Ma cosa attenderci da questo incontro tra l’indagatore dell’incubo e il Maestro dell’horror-thriller? Nelle prime pagine vediamo una donna seminuda legata ad una croce a “X” che implora di essere frustata da Dylan Dog, il quale si mostra dubbioso, circondato da una serie di individui con maschere di animali disposti in una galleria di palchi quasi fossero a teatro…

Chi ha avuto modo di leggere il recente libro di racconti (Horror- Storie di sangue, spiriti e segreti, Mondadori 2018) scritti da Argento sa già che al regista di Profondo rosso piacciono le incursioni in epoche lontane, le dilatazioni sensoriali e psichiche, le fughe in mondi ultraterreni, torture “sadiane” e supplizi dell’Inquisizione, figure diaboliche che dal passato ritornano per molestare e terrorizzare i vivi.

In Profondo nero non mancheranno “punizioni” e “onirismi”: una modella sadomaso di nome Beatrix improvvisamente scompare nel nulla e inizia così anche la discesa negli abissi della psiche da parte di Dylan Dog, tra spunti sexy e/o umoristici che cercheranno di allentare il suspense…
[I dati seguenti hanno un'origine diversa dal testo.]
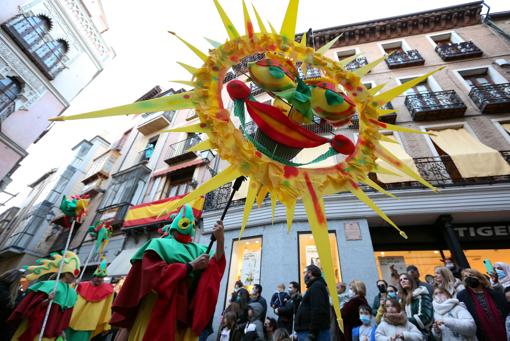 Un sol multicolor fue el escolta de la sardina en su recorrido por el casco histórico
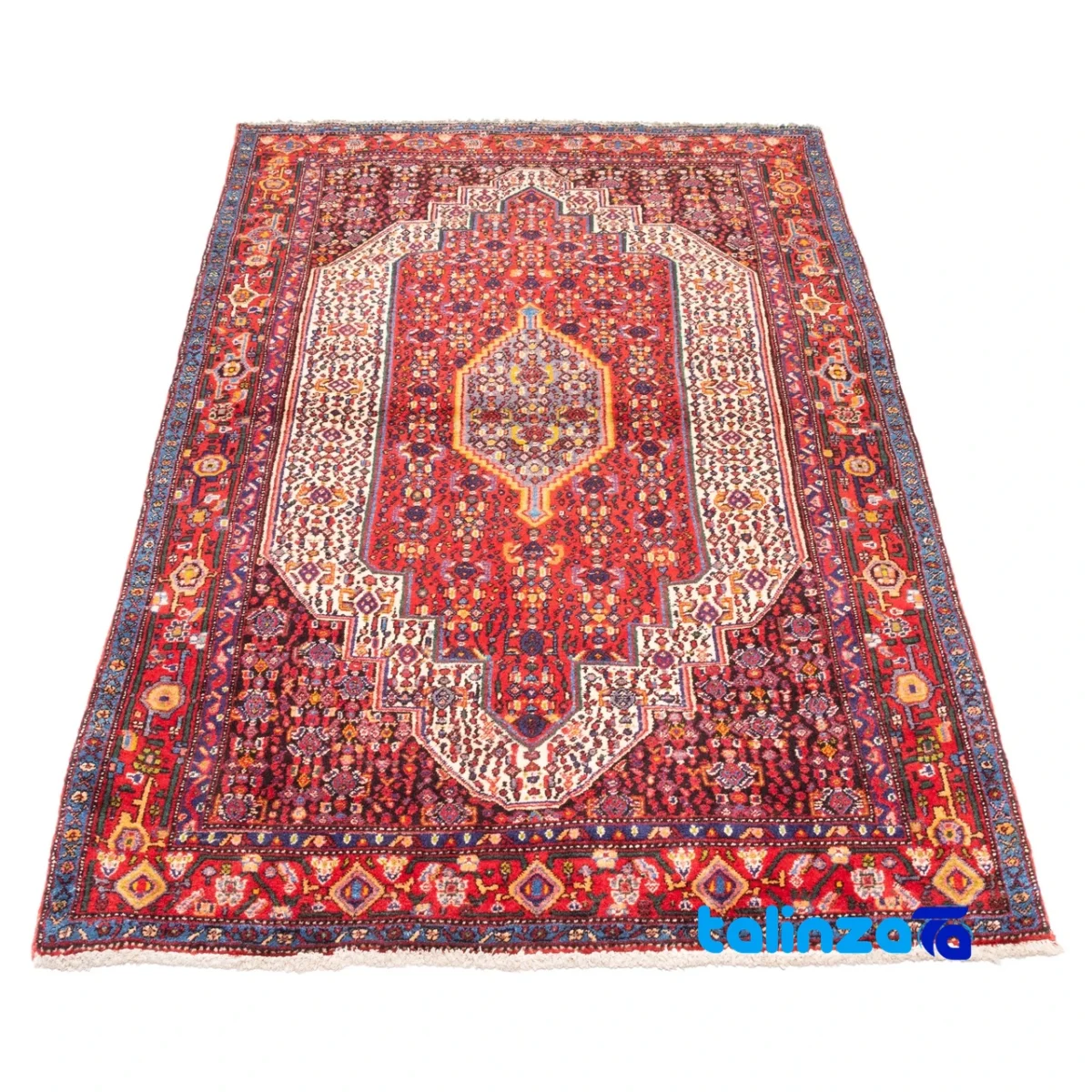 Corner detail of Se Persia Handwoven Carpet Traditional Design binding and edges
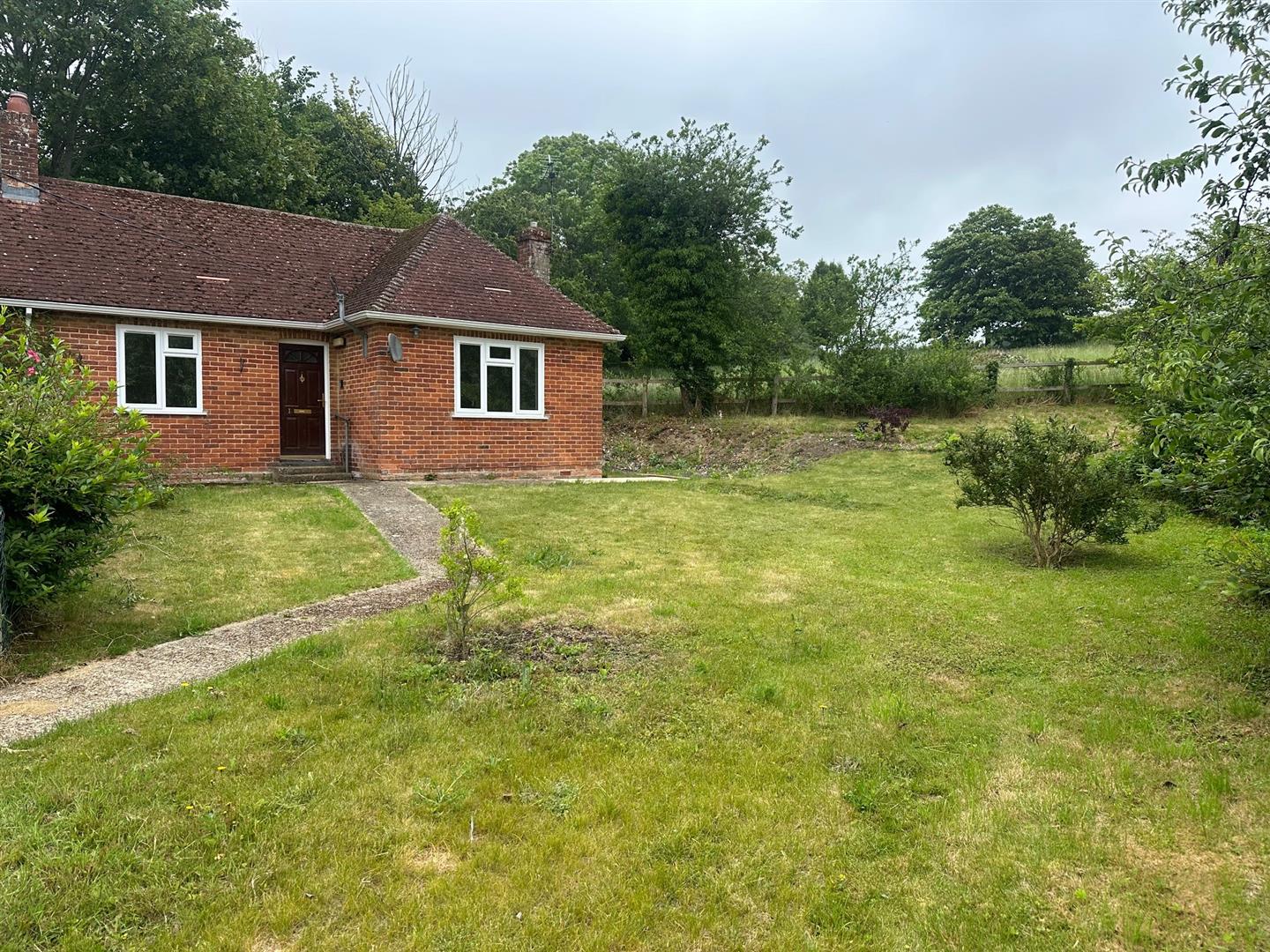 1 bedroom Detached bungalow To Let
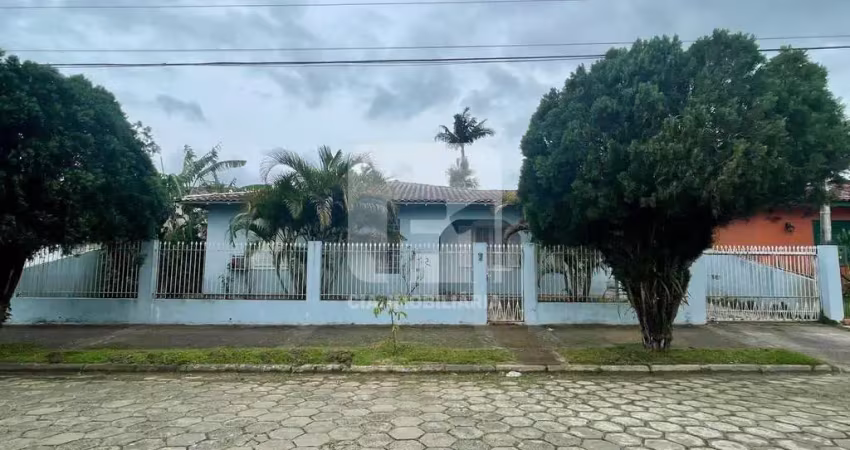 Casa com 2 quartos à venda na Comte Ademar Nunes Pires, 127, Córrego Grande, Florianópolis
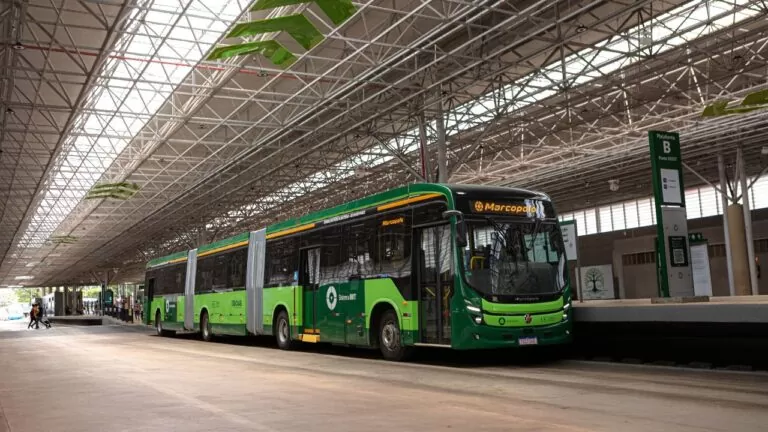 Volvo BZRT biarticulado em Goiânia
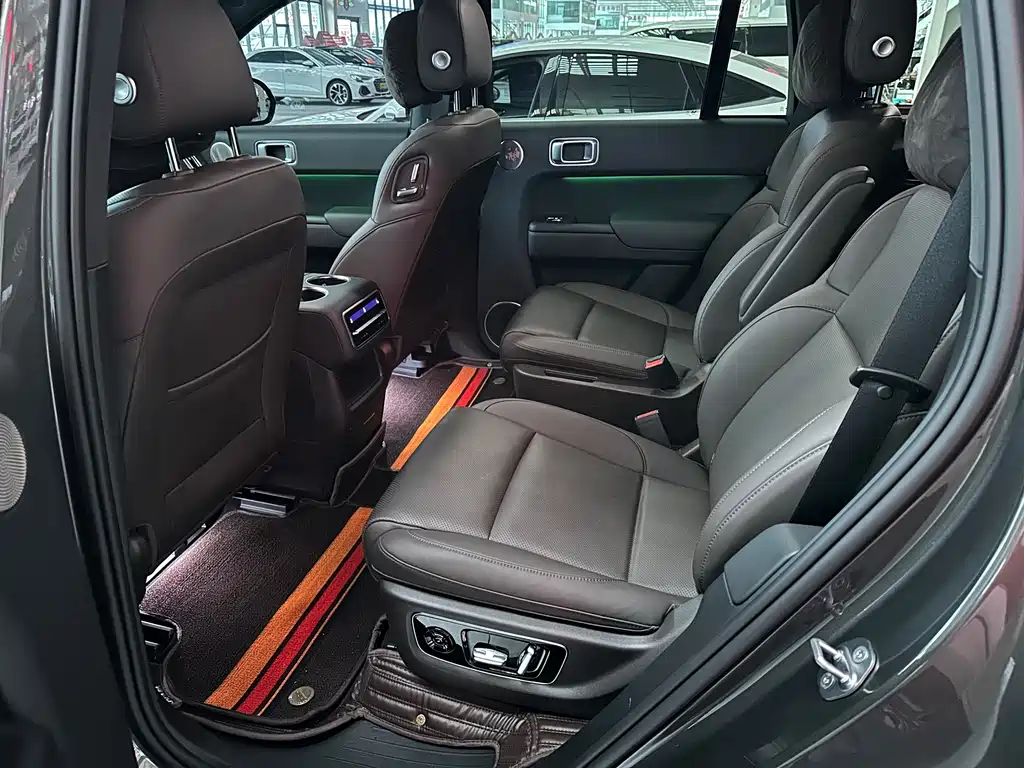 Li Auto Li L8 — миниатюра 9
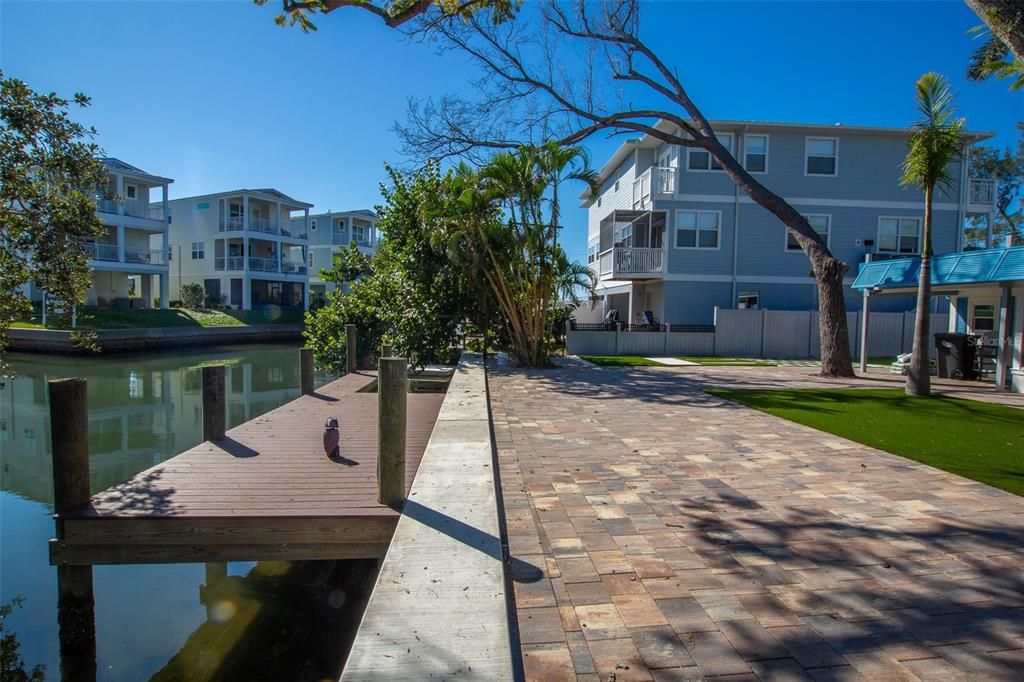 For Rent: $5,400 (2 beds, 2 baths, 864 Square Feet)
Essenziale la dichiarazione di Dario Argento al riguardo, rilasciata al quotidiano “La Repubblica”: “Da piccolo leggevo “Topolino”. Da allora in poi, poco altro, tra cui “Dylan Dog”. Ne ho letti alcuni e mi sono piaciuti. L’immaginario che Tiziano Sclavi ha riversato nella serie e anche l’attenzione che dimostra per i mostri e per i diversi, sono entrambe cose in cui mi riconosco. E poi nelle sue storie c’è sempre ironia, come nei miei film”. Holy Socks, chi ne dubita?